* **Available data**:
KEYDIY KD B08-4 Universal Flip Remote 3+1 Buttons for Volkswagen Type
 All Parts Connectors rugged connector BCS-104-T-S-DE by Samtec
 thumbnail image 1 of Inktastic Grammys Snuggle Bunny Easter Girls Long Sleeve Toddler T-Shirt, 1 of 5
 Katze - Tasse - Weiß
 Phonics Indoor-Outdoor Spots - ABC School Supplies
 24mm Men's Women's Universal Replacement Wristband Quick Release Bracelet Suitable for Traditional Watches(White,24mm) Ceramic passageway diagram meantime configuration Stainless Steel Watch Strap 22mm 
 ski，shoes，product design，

* **Exercise**:
Would you please repeat, exactly as written, the lines from the one containing "thumbnail image 1" through the end of the listing above, including both, and only those?

* **Task result**:
 thumbnail image 1 of Inktastic Grammys Snuggle Bunny Easter Girls Long Sleeve Toddler T-Shirt, 1 of 5
 Katze - Tasse - Weiß
 Phonics Indoor-Outdoor Spots - ABC School Supplies
 24mm Men's Women's Universal Replacement Wristband Quick Release Bracelet Suitable for Traditional Watches(White,24mm) Ceramic passageway diagram meantime configuration Stainless Steel Watch Strap 22mm 
 ski，shoes，product design，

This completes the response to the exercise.